A missão nasce no coração de Deus
"Tudo vale a pena quando a alma nao é pequena..." |
O que nos impulsiona e desinstala é a força da Palavra de amor. Por isso, podemos afirmar que o dinamismo original e primário da missão é a Boa Nova da Salvação. É isso que expressamos quando dizemos que Deus é nosso Pai (Muluku Tithi, na língua makua) e que nós somos seus filhos e filhas, irmãos e irmãs entre nós. Deus revela em Jesus seu rosto profundamente humano, e n’Ele a humanidade se encontra numa grande família. Se acreditamos que Deus é Pai e todos, então os “outros” serão nossos irmãos e irmãs. A missão vem de Deus, e Deus é amor.

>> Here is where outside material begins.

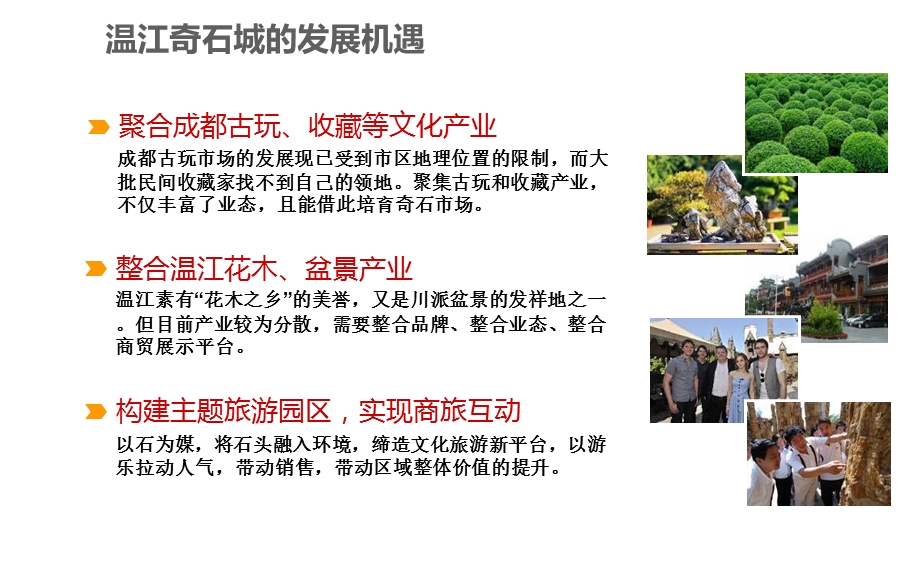 奇石城规划方案.ppt_第3页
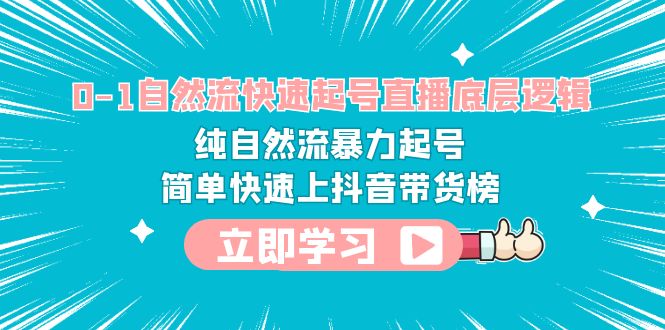 【副业项目6169期】0-1自然流快速起号直播 底层逻辑 纯自然流暴力起号 简单快速上抖音带货榜-智创资源网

A partir da prática missionária de Jesus (cf. Mt 9, 35-37), percebemos que não podemos esperar estar prontos e formados para só então partir para a missão. Precisamos confiar no Espírito Santo (Eroho Yowarya) e lançarmo-nos, mesmo na precariedade e na insegurança. Jesus organizou sua missão e a missão da comunidade na precariedade e na itinerância.
Nossa missão em Mecubúri
A nossa comunidade missionária de Mecubúri (diocese de Nampula, Moçambique) é composta de quatro membros: Pe. Neiri Segala, Pe. Firmino Santana, Ir. Edilson Frey e Pe. Pedro Léo Eckert. Conosco vive também um funcionário da Escola Familiar Rural, que é também vocacionado. No povoado estão presentes também, há quase quarenta anos, as Irmãs Servas de Nossa Senhora de Fátima. E em breve chegará uma comunidade de Irmãs Franciscanas Capuchinhas.

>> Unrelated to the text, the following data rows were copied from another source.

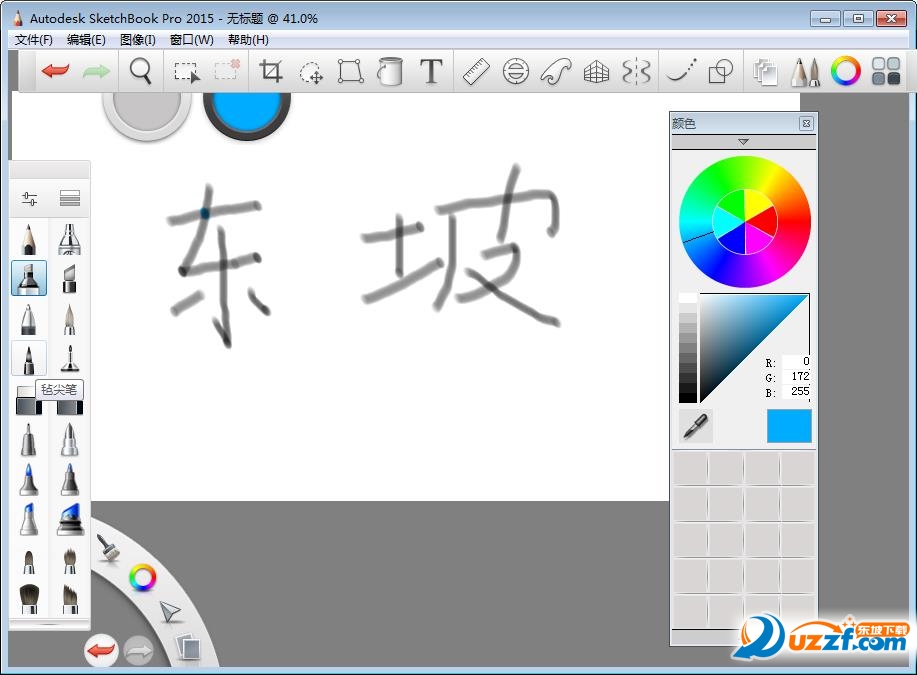 Autodesk SketchBook Pro 2015ƽͼ2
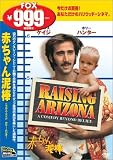 赤ちゃん泥棒 [DVD]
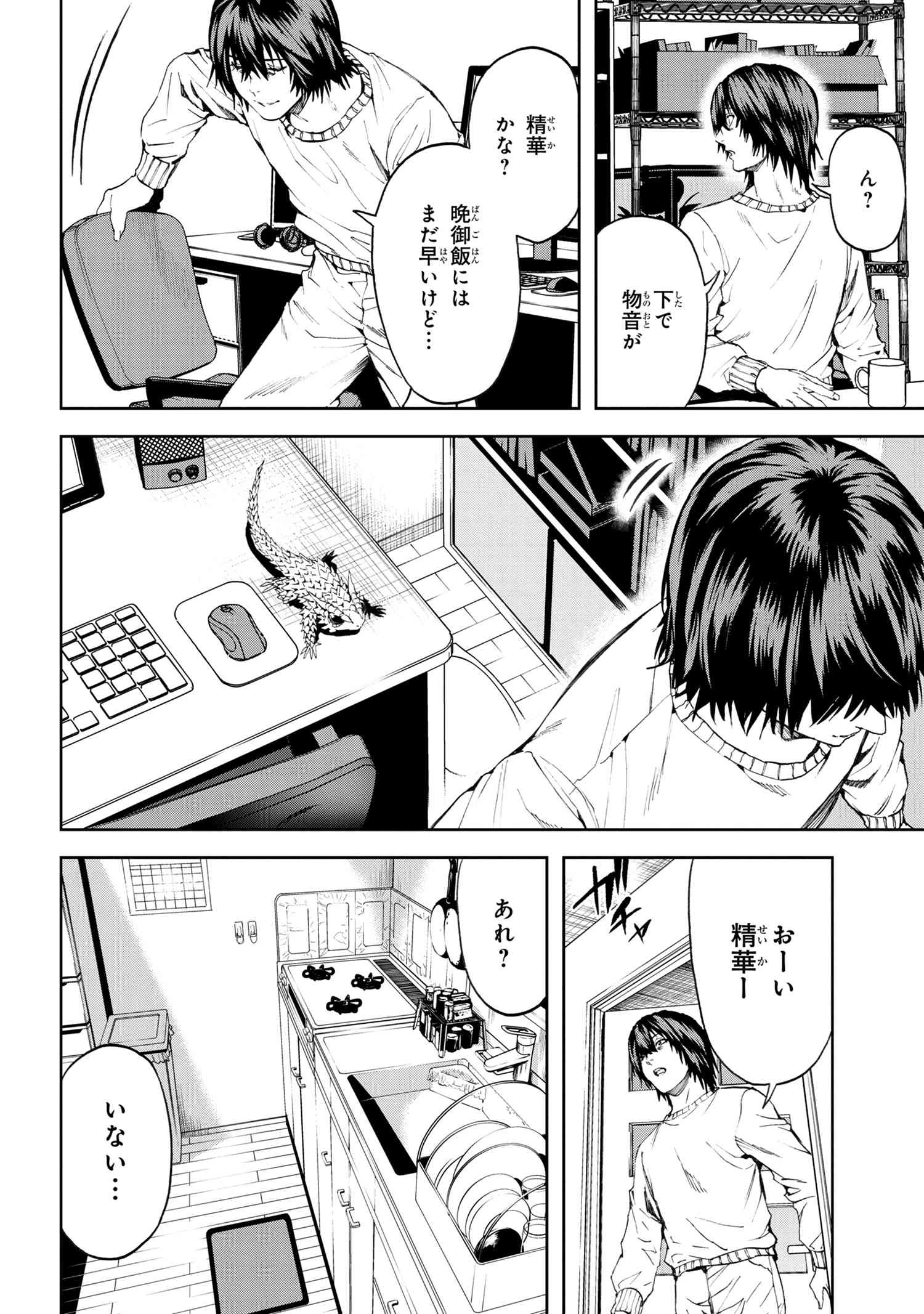 村づくりゲームのNPCが生身の人間としか思えない 第27.2話 - Page 17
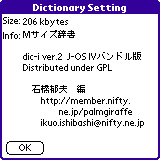 j-osiv-menu-dic.gif (2436 bytes)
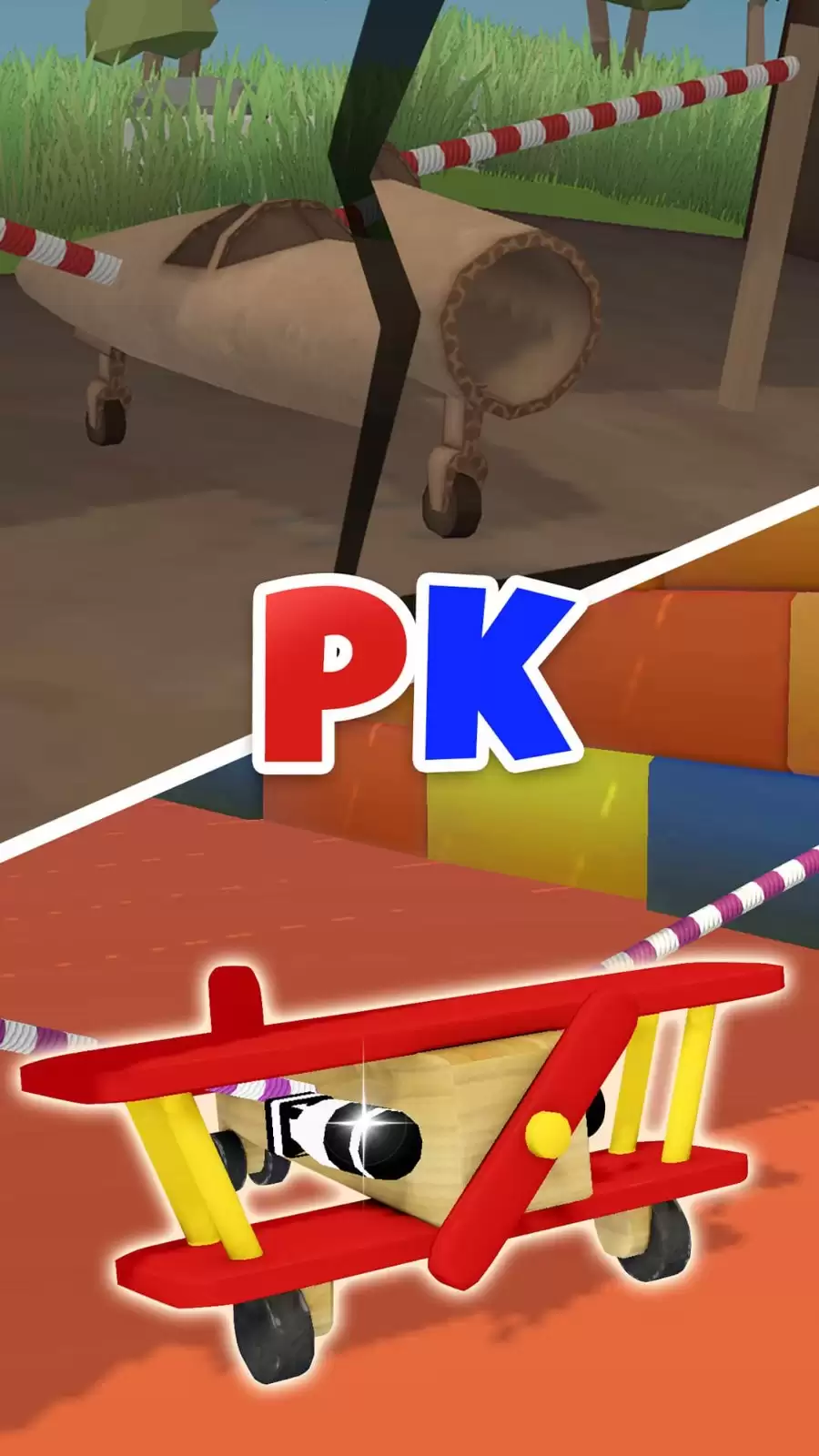 飞机模拟高手完整版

A missão está ainda em processo de estruturação. Vivemos numa área bem abrangente, na savana africana, no meio de várias montanhas. É uma região inóspita. Chove apenas entre o final de novembro e o final de março. Estamos há duas horas de carro da cidade de Nampula. Vivemos numa casa com energia que captamos com placas solares. Com isso é possível acender, mesmo que muito precariamente, pequenas lâmpadas nos quartos, na cozinha, na sala e nos banheiros.
Cada dia precisamos nos programar para viver sem televisão, sem geladeira e sem outros confortos absolutamente normais noutras partes do mundo. Por outro lado, todo santo dia precisamos atiçar a criatividade e o bom humor para conviver com isso como algo que não nos empobrece, mas exercita nossa paciência e entrega.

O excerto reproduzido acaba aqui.